The employees from Project Place are active and present in the community, caring for the neighborhood and addressing homelessness and drug abuse issues in the area, said Marcie Laden, the director of development for Project Place.

Laden said although landscaping and planting are less evident in the current winter climate, the neighborhood has been noticeably well kept since the coalition began its work.

“They’re really doing a great job at keeping it clean every day,” Laden said. “It’s not like they come through and then it piles up until it’s a mess again. They’re doing it consistently.”

In addition to maintaining and beautifying the neighborhood, Laden said that workers from Project Place have been acting as role models for the homeless and underprivileged in the area, as many of them had to overcome similar obstacles in the past.

“They communicate with them, they talk to them, they’re not just coming by and sweeping through, there is a real interaction that makes that role modeling possible,” Laden said. “It is a genuine interaction.”

Laden said she hopes the workers’ presence will inspire the homeless people in the neighborhood to reach out for help, especially in finding jobs.

“We believe that people can change their lives, particularly homeless folks, through work,” Laden said. “It gives you a chance to not only build your own confidence and believe in yourself so that you can move forward, but it gives you the ability and economic resources to move forward.”

As for the future of the initiative, Project Place plans to continue working in the neighborhood as long as they are encouraged to do so, Laden said.

“I think that the partnership is going really well. The city and BU seem to be pleased with our work and committed to continuing to keep their neighborhood going and to keep that community improving,” Laden said. “As long as that commitment is there, which I don’t foresee changing, particularly on the city’s part, I think this will be one of our ongoing projects.”

Jim Greene, a homeless advisor from the Boston Department of Neighborhood Development, said the idea for the collaboration was developed over the summer, when Walsh brought several different departments together to talk about city improvements.

“We began to meet with neighborhood partners from Newmarket Square, the South End and Roxbury to talk about what we could do quickly to have an initial impact and the longer term work we need to do to help the vulnerable people who were in the neighborhood,” he said. “I think everybody agreed that we needed to invest a new level of energy and effort to improving things in the Melnea Boulevard and Massachusetts Avenue area.”

Several Boston residents said they support the project, particularly because of the opportunities it may offer homeless people in the city.

Meagan Hemeon, 27, of Jamaica Plain, said homelessness has become a major issue throughout the city. She emphasized the importance of helping those without a home.

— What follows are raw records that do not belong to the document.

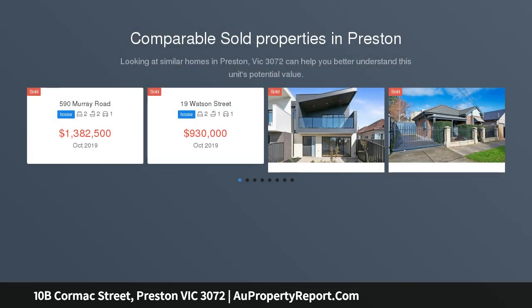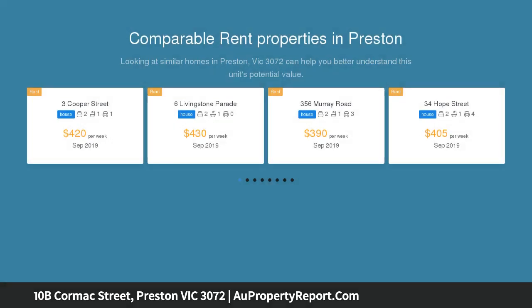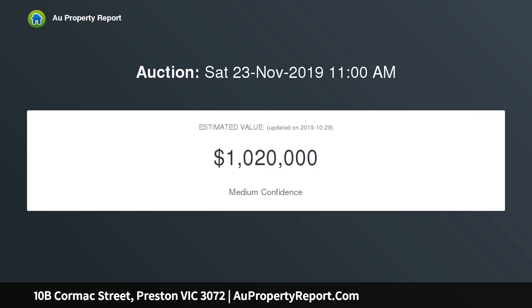This stunning new 4 bedroom, 3 bathroom, architect-designed residence is bright, spacious, and a family entertainer embodying luxury. Elegant marble surfaces adorn the kitchen, including a waterfall island bench, meeting with Smeg appliances, soft-close cabinetry, and a butler's pantry.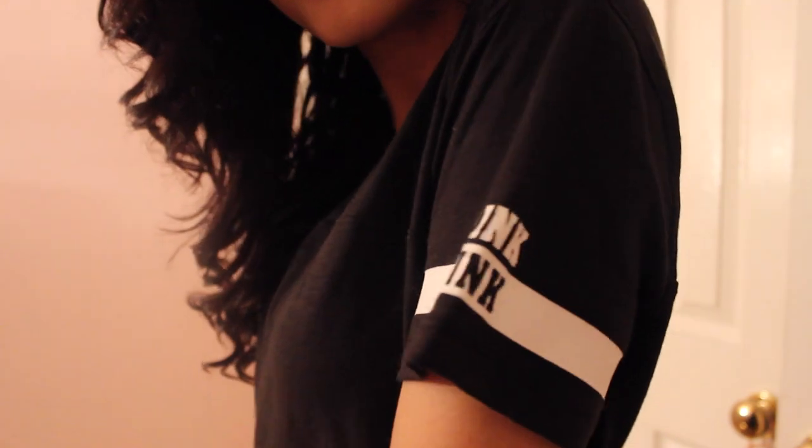From my cousin I got something from Pink — it's a super cute shirt that looks like this. It's black and it has like little varsity stripes and a v-neck.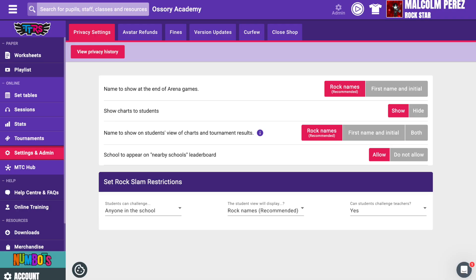these rock alter egos can be used to hide the identity of the child in multiplayer games to provide extra anonymity. Teachers can display rock names instead of real names at the end of a game and also in school charts. These are both a default setting in the settings and admin section in privacy settings.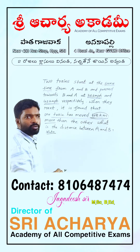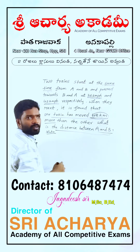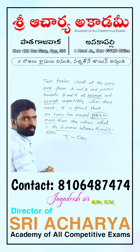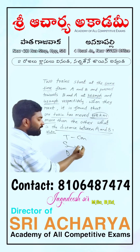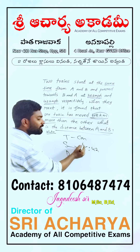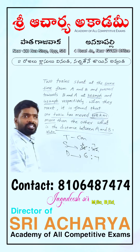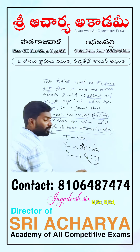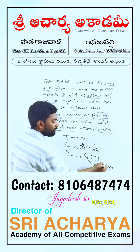There is a distance between A and B. The distance is a constant. The speeds are 36 km per hour and 42 km per hour. The difference between the distances covered is one unit. This one unit value corresponds to 48 km.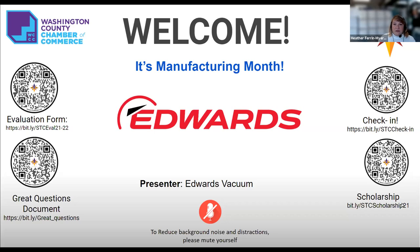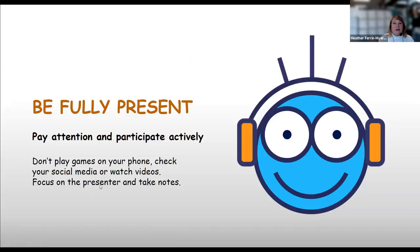We have a scholarship program — applications are due November 5th. These are $500 scholarships that don't have to be used for college; they can be used for training, tools, or any ideas that will help you pursue a career in STEM or manufacturing. We also have a great questions document — check the email or grab the Bitly link — it gives you good ways to start conversations with professionals.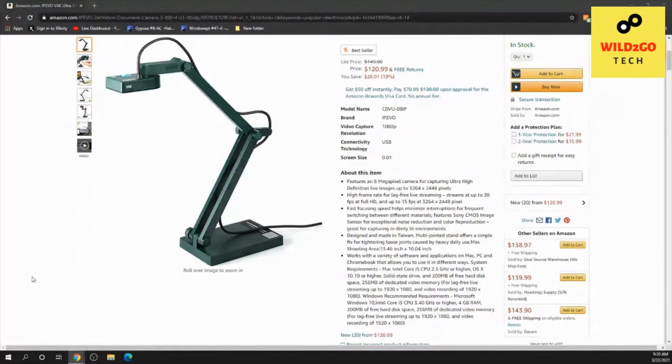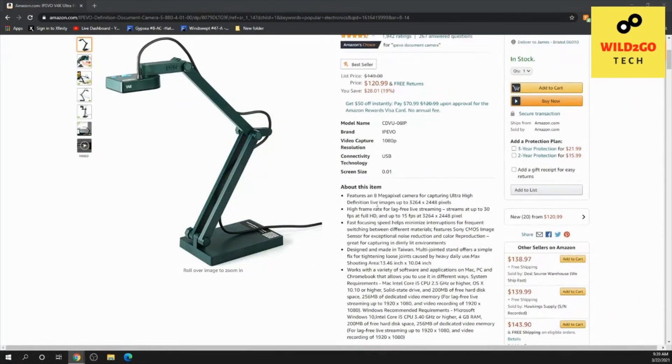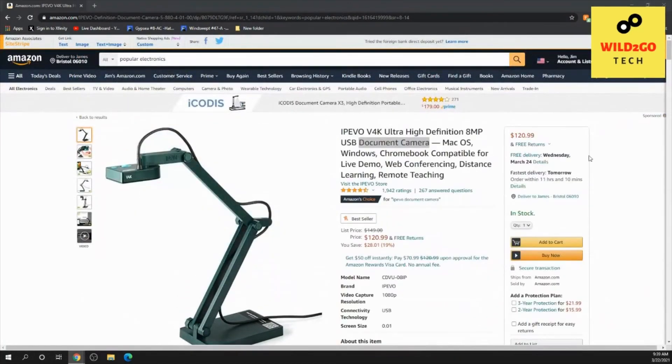That allows you to use it in different ways. If you're looking for a document camera or don't know what one is — this is it. It's a tool that's been used a lot during remote teaching, remote learning, and in the business world. If you're in need of a document camera, there'll be a link below this video.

“Especially since all the shelters closed over on Long Island, I think it’s really important to be doing something for these people because they were so actively displaced,” Hemeon said. “There really now isn’t enough money in the city to be able to give the same level of shelter and transitionary housing that they deserve.”

Dishon Laing, 29, of Dorchester, said he believes the initiative’s effort to help find stable jobs for homeless people may be the answer to their problems.

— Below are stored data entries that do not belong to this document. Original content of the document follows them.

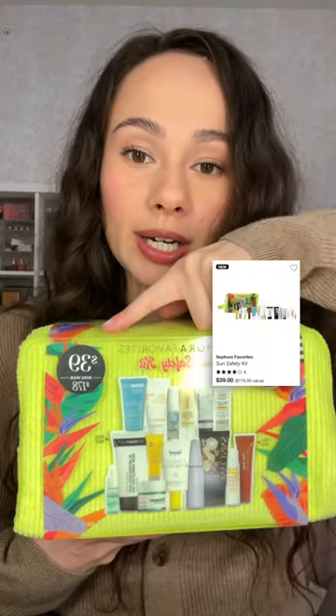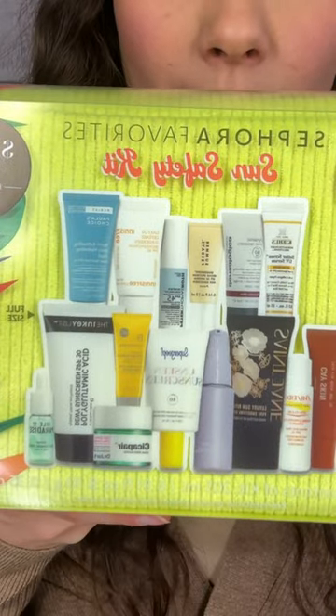Lipstick from NARS — I love these shine lipstick formulations, so today I went with the shade Voyeur. If you are an SPF girl, this is the ultimate kit. It's $39 — look at all these SPFs.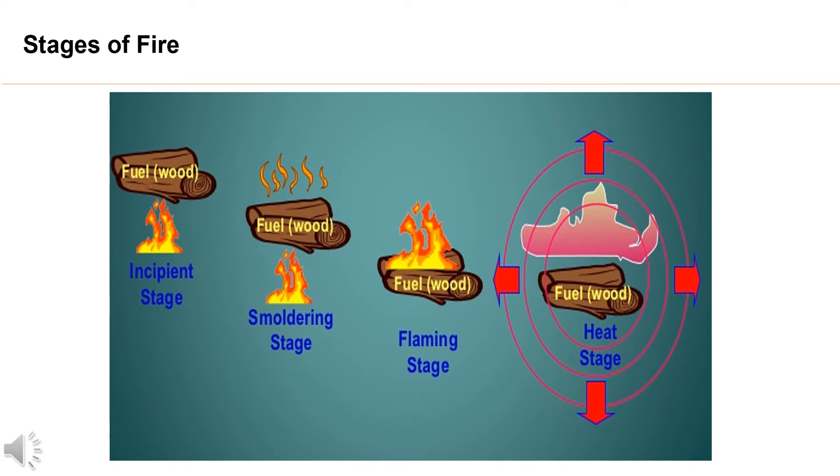2. Smoldering stage. At this stage, up to 10% of the decomposing products released at the surface of the fuel are visible.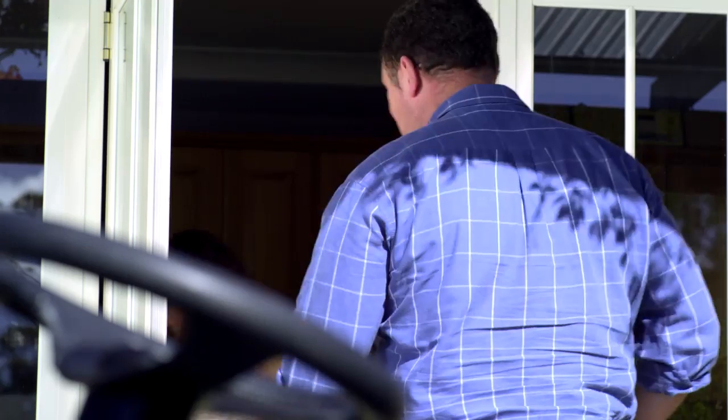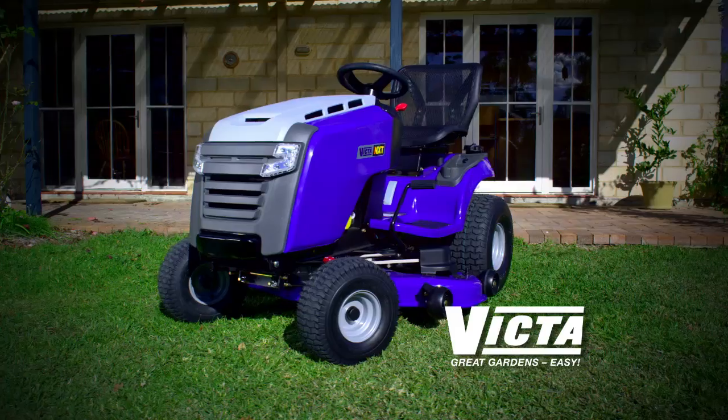In fact, Victor Next Generation lawn mowers are so efficient you'll have time to cut your neighbor's grass.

“I think anytime you could take people who don’t have means of making money and provide them a service such as getting them a paid work so that they don’t have to rely on other people, it’s a great service,” Laing said. “Then they can start to provide for themselves.”

Edward Byrne, 67, of Fenway, said he hopes to see homeless people get a moral boost from their work.

“I think what happens a lot of the time to homeless people is that they lose fate,” Byrne said. “I think this will give them some confidence and dignity.”